* **EXERCISE MATERIALS**:
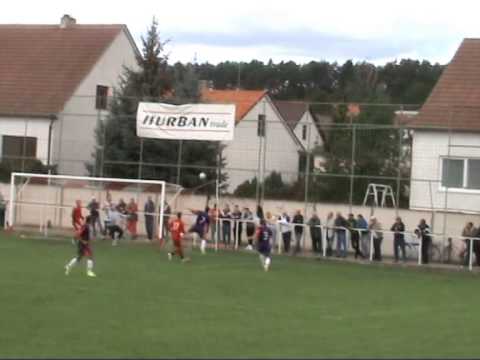 TJ Spartak Šaštín-Stráže - TJ Iskra Horné Orešany 3:1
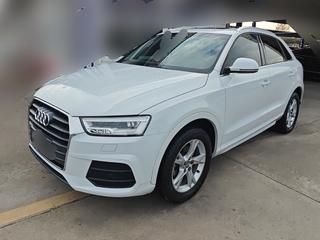 奥迪Q3 30TFSI 1.4T 自动 时尚型30周年纪念版 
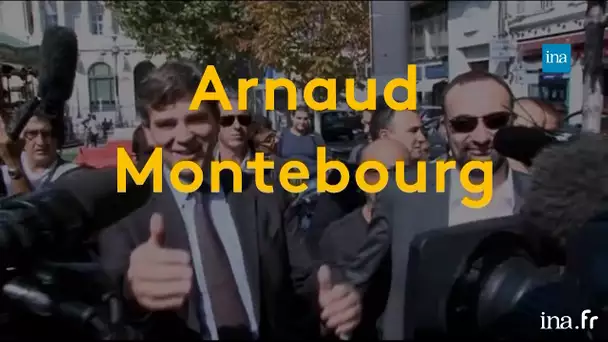 Election présidentielle, la méthode Arnaud Montebourg | Franceinfo INA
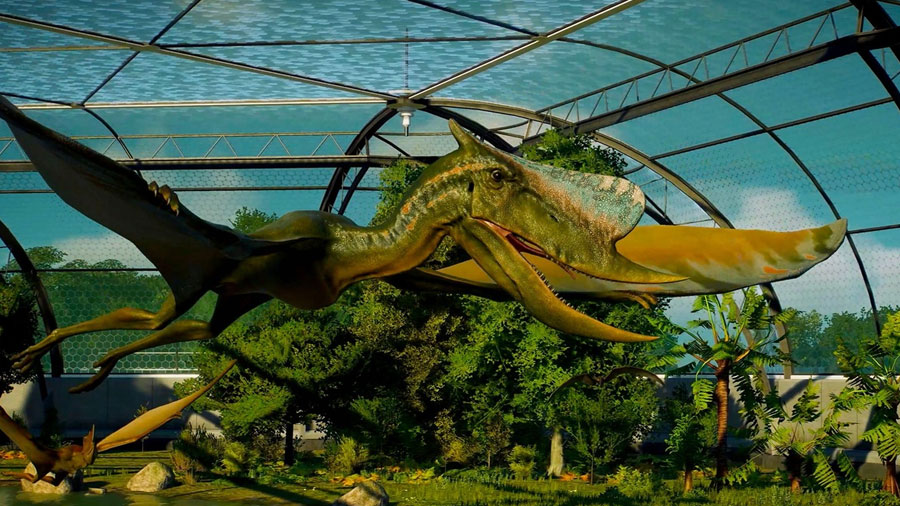 خرید بازی Jurassic World Evolution 2 برای PS5 - تصویر 6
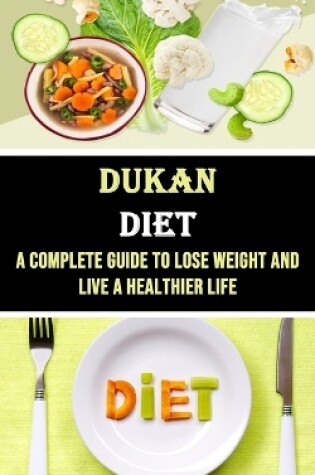 Cover of Dukan Diet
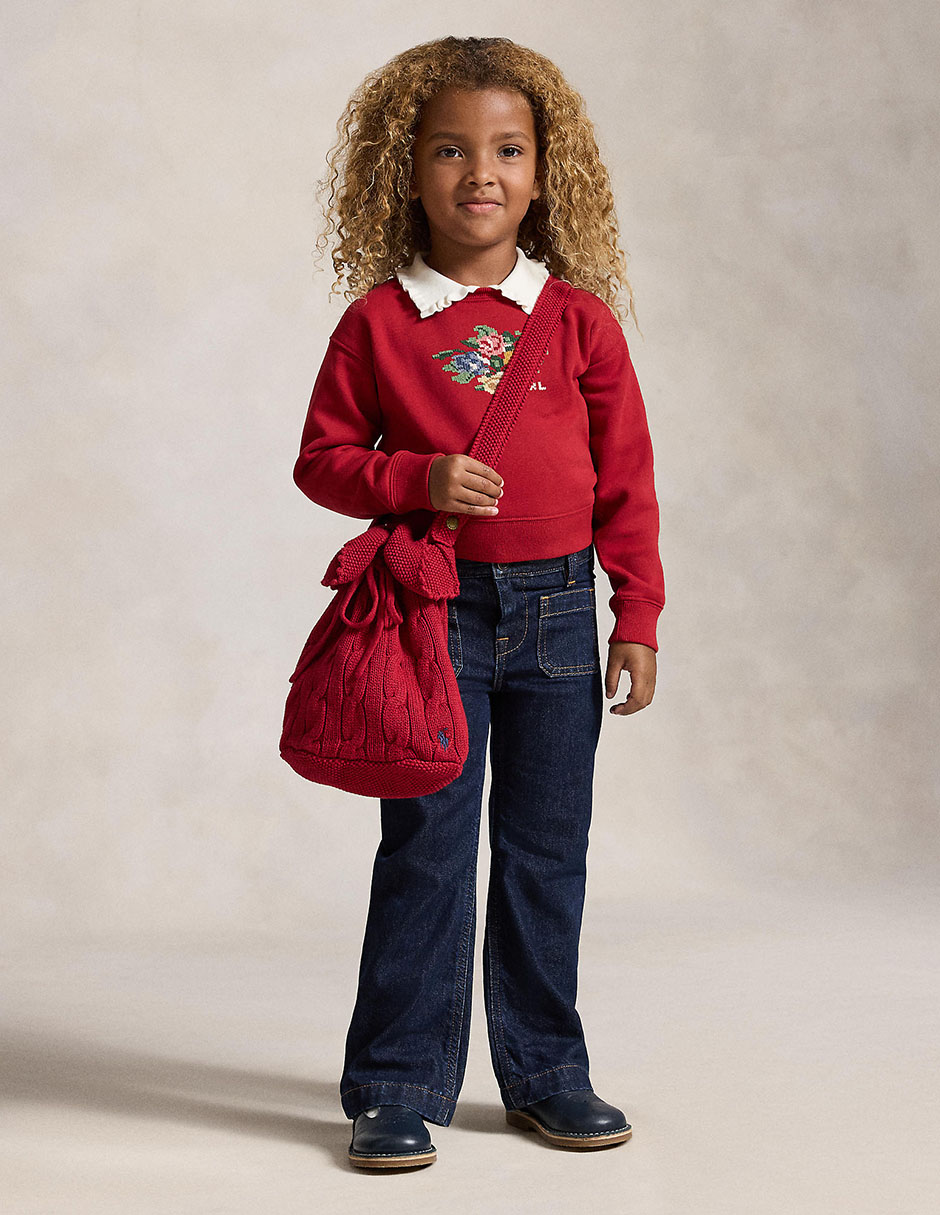 Sudadera para bebé Polo Ralph Lauren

* **TASK TO CARRY OUT**: The full listing must come back exactly as written, with its pictures left out.

* **YOUR SOLUTION**:
 TJ Spartak Šaštín-Stráže - TJ Iskra Horné Orešany 3:1
 奥迪Q3 30TFSI 1.4T 自动 时尚型30周年纪念版 
 Election présidentielle, la méthode Arnaud Montebourg | Franceinfo INA
 خرید بازی Jurassic World Evolution 2 برای PS5 - تصویر 6
 Cover of Dukan Diet
 Sudadera para bebé Polo Ralph Lauren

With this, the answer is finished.